Lentement d’abord, puis avec une hâte croissante, la couronne de lumière s’illumina : vert… vert… de longues traînées de vert, interrompues, de temps à autre, par des îlots dorés. Le succès dépassait tellement les espérances de Calipine qu’elle en devint soupçonneuse. Mais non, il fallait faire confiance à son instinct. C’était un succès incroyable. Sur les appareils, elle déchiffra l’explication de la réponse : « On peut manœuvrer un Cyborg grâce à sa confiance en la toute-puissance de la logique. »
Calipine acquiesça pour elle-même en se souvenant de sa propre folie. Et l’on ne peut manipuler la vie contre l’intérêt des vivants, conclut-elle.
— La proposition est acceptée.
En annonçant le résultat, elle remarqua le regard lourd de sous-entendus de Glisson. Nous avons négligé quelque chose, se dit-elle immédiatement, mais une fois adaptés à notre nouvelle situation, nous trouverons bien ce que c’est.

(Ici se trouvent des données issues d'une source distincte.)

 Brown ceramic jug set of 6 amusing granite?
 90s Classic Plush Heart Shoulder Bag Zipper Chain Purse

Hilare, Svengaard se tourna vers Harvey Durant. Il avait l’impression de se trouver dans une salle d’opération : Un individu donnait une impulsion et tout un système se mettait en branle. Et le processus se déroulait avec la même précision qu’à l’intérieur d’une cellule.
Harvey jaugea le sourire de Svengaard. Les traits du chirurgien trahissaient ses sentiments comme tous les visages des personnes présentes. Un messager de la Résistance y lisait à livre ouvert. Les puissants de ce monde étaient sur leurs gardes et les travailleurs de la masse avaient peut-être encore une chance, un millier d’années de chance, si l’on faisait confiance à Calipine, et si Calipine gardait confiance en elle-même. Le cadre génétique avait adopté une nouvelle structure, une structure ouverte, une structure indéterminée, une structure qu’Heisenberg aurait aimée. Les manipulateurs avaient été manipulés, et modifiés par la manipulation.

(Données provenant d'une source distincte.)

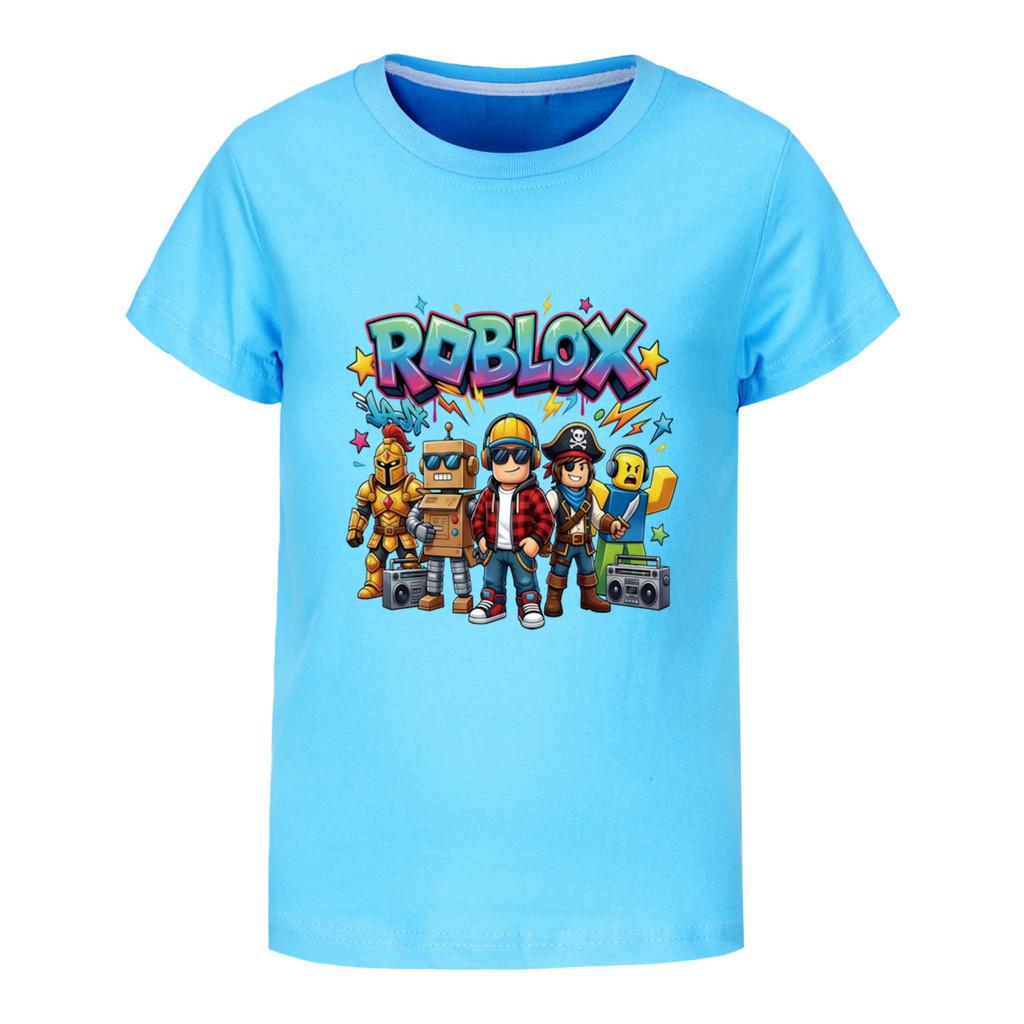 5574 Jungen Mädchen Roblox Spielaufdruck Kurzarm-T-Shirt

— Quand pouvons-nous partir, Lizbeth et moi ? demanda Harvey.
Frank Herbert
L’auteur de Dune, le livre suprême de la S.F. – comme Le Seigneur des Anneaux pour la fantasy –, est né en 1920 à Tacoma (État de Washington), au nord-ouest des U.S.A. Sa mère est de la région, son père y est venu enfant avant d’y exercer les professions de policier puis d’inspecteur du travail ; de jeunes Indiens chinooks lui apprennent à pêcher dans les rivières voisines. Études de littérature (université de Washington) où il rate tous ses examens mais forme son style à l’école d’Edgar Poe, d’O’Henry et d’Ezra Pound : un idéal d’écriture à la fois concise et précise. Alors il entre dans le journalisme, dont il vivra pendant trente ans ; il se marie (1946) : trois enfants, cinq petits-enfants ; tout du patriarche, y compris la barbe fleurie. « La société a plus besoin de généralistes que de spécialistes », dit-il en se dotant d’une culture encyclopédique (écologie, biologie, génétique, sémantique…). En 1952, il publie sa première nouvelle de S.F. dans Astounding ; la même année, il « étudie » la psychanalyse jungienne – après quoi il devient analyste lui-même pendant deux ans et familier de la psychologie des profondeurs. Premier roman, en 1955 ; la même année, il devient rédacteur en chef du San Francisco Examiner (édition du dimanche). Le triomphe de Dune (1963-1965) puis du Messie de Dune (1969) fait de lui un écrivain à plein temps : en 1972, près de Tacoma, il crée une ferme expérimentale écologique. En 1984 sort le film Dune ; il réagit à la mort de sa femme en se remariant et en partant pour Hawaii où il écrit la Maison des Mères (1985). C’est là qu’il meurt le 11 février 1986.